▸ Work order
Span requested from the data below: the line with "Pregnant woman resting at home on sofa" through the line with "Woman in a red", both included. Give only these lines again, exactly, and leave every picture out.

▸ Data for this exercise
◆ ◆ ◆ ◆
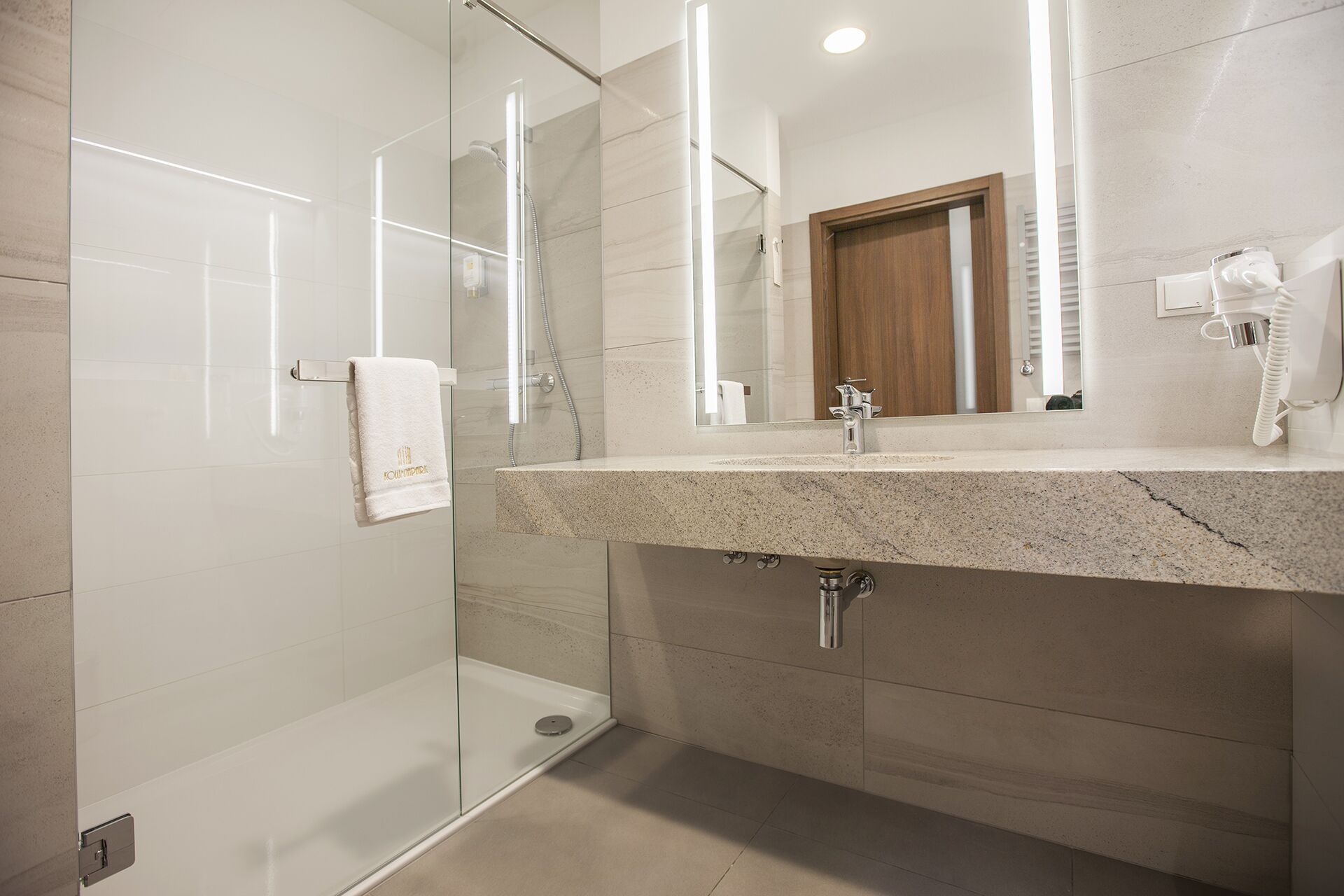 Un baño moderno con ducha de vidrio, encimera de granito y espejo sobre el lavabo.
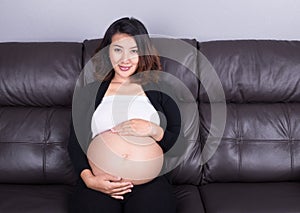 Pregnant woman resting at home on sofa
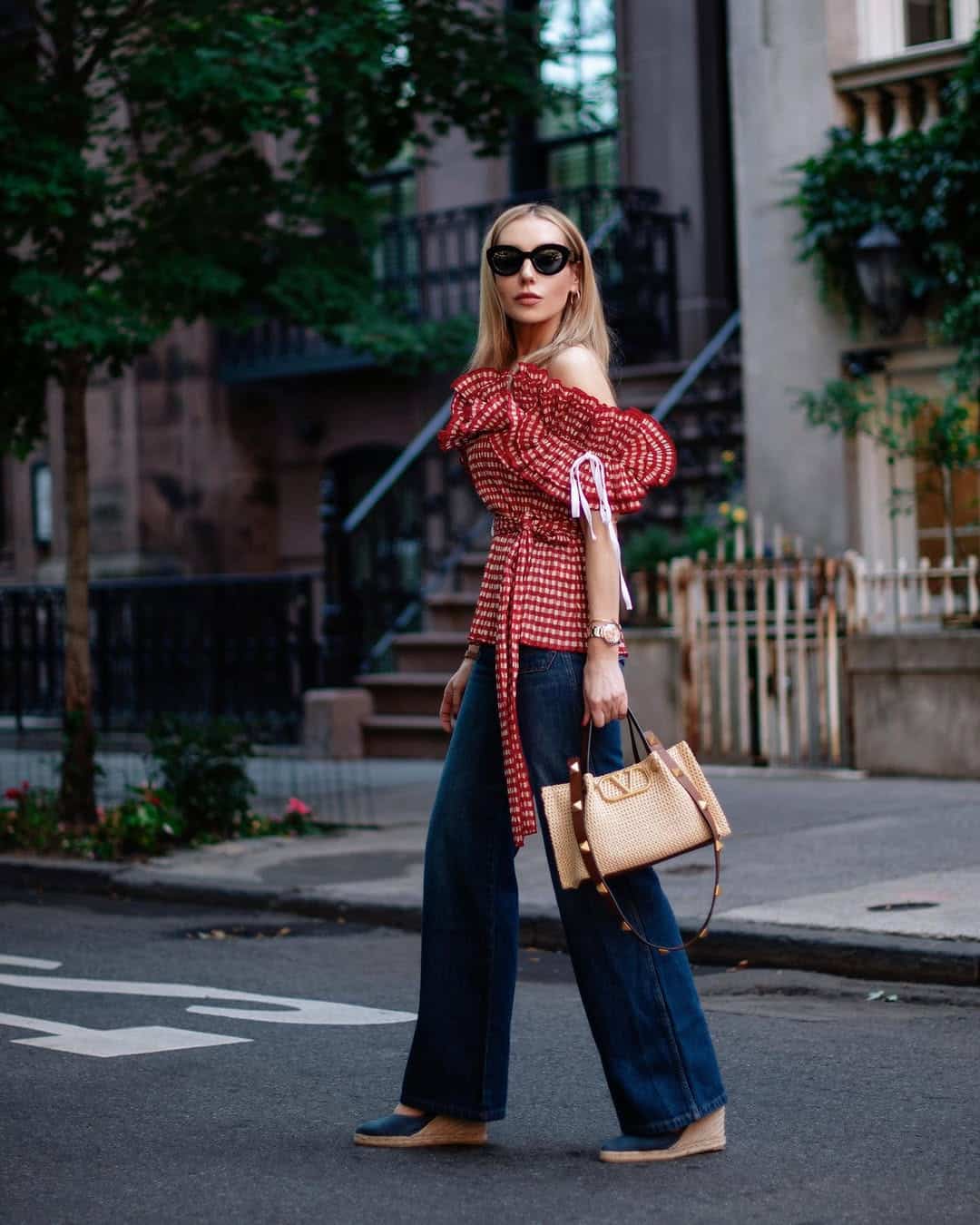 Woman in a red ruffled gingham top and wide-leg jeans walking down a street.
◆ ◆ ◆ ◆
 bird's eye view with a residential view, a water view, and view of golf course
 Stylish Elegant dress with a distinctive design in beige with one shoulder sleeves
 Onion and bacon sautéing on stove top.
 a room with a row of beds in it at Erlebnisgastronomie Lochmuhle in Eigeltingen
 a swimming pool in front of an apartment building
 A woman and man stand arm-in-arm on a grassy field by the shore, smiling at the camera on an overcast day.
◆ ◆ ◆ ◆
▸ Answer area
 Pregnant woman resting at home on sofa
 Woman in a red ruffled gingham top and wide-leg jeans walking down a street.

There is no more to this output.